Work instructions
From the line below that contains "Hlavní vlakové nádraží" to the line that contains "ปิ่นโตสี่ชั้นท", repeat every line exactly, both ends included, and nothing else.

Given records
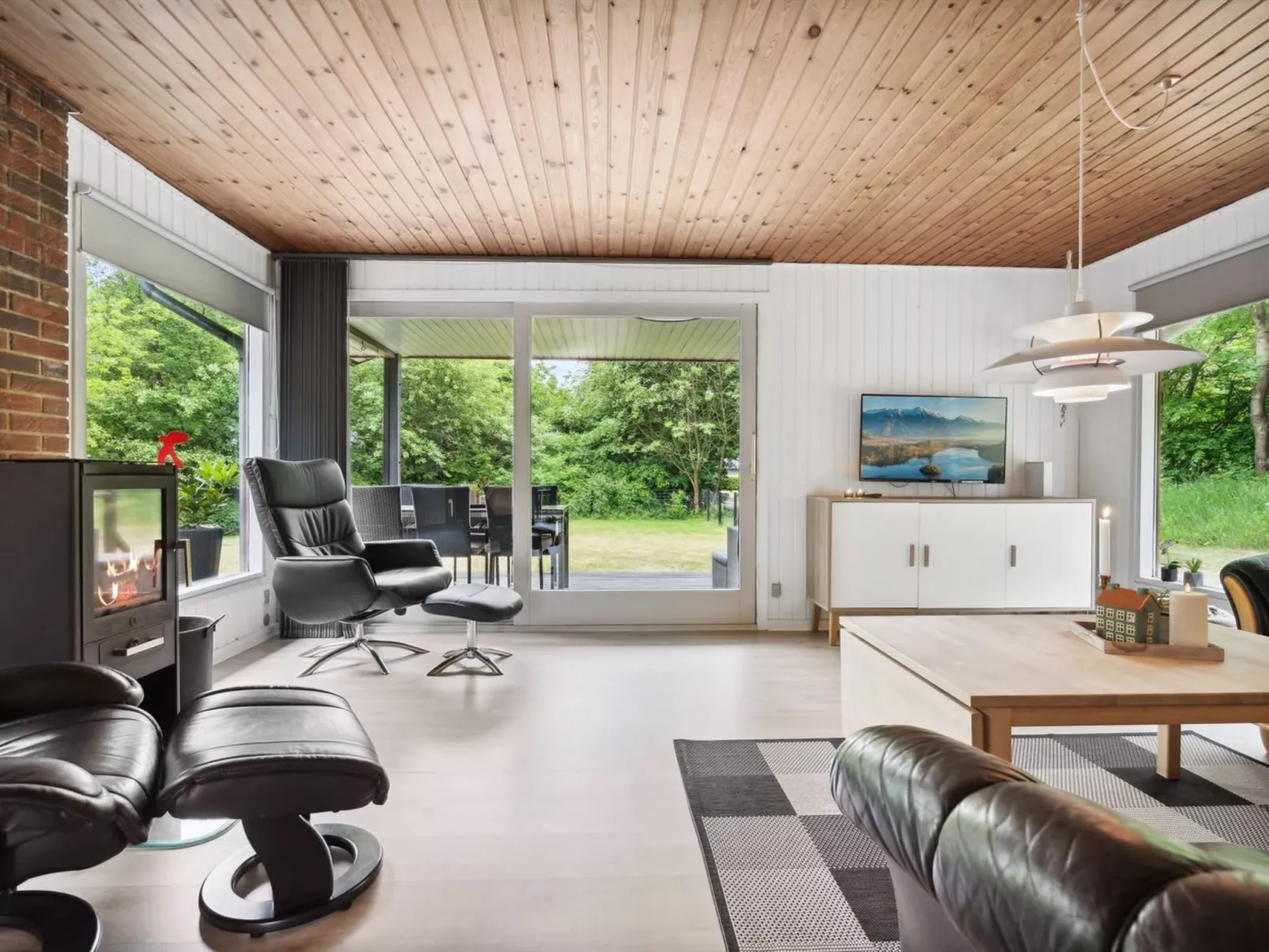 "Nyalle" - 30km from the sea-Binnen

...

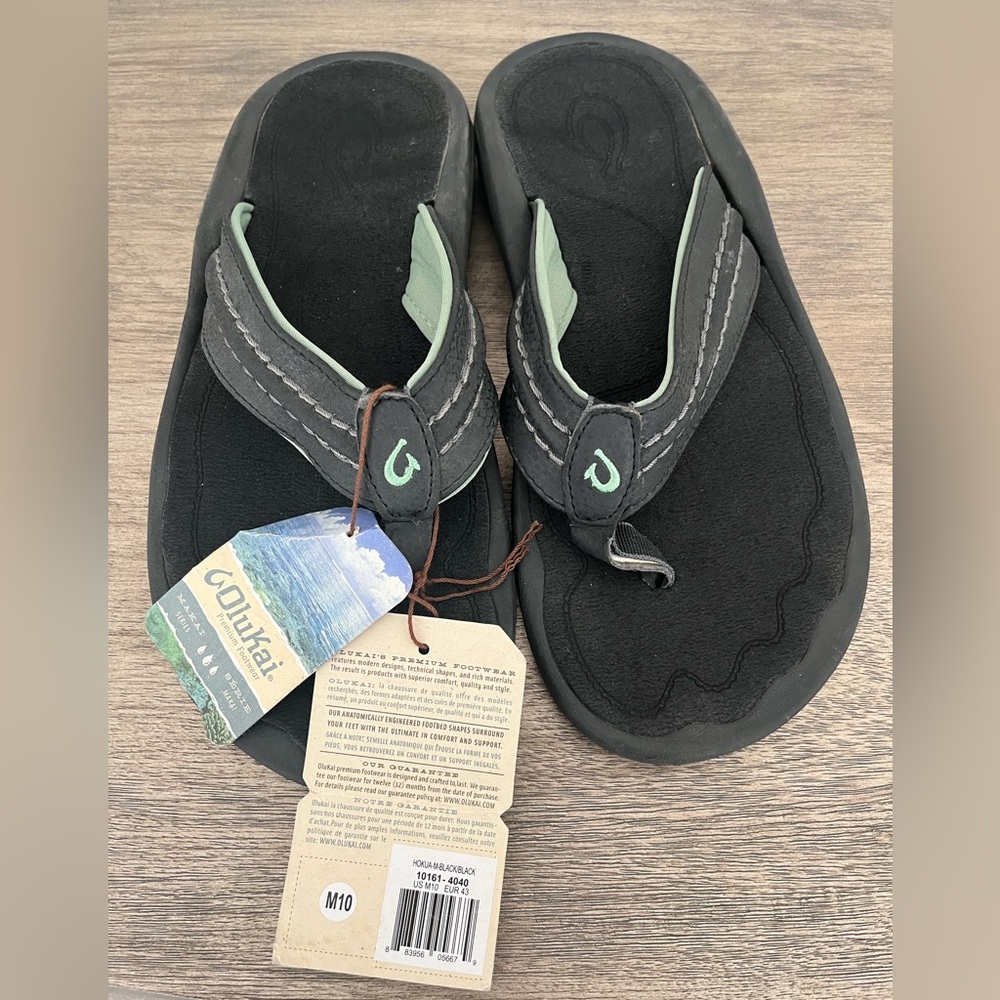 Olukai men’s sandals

...

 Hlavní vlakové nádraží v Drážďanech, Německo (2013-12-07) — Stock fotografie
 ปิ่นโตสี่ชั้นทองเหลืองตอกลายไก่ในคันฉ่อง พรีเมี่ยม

Answer to the problem
 Hlavní vlakové nádraží v Drážďanech, Německo (2013-12-07) — Stock fotografie
 ปิ่นโตสี่ชั้นทองเหลืองตอกลายไก่ในคันฉ่อง พรีเมี่ยม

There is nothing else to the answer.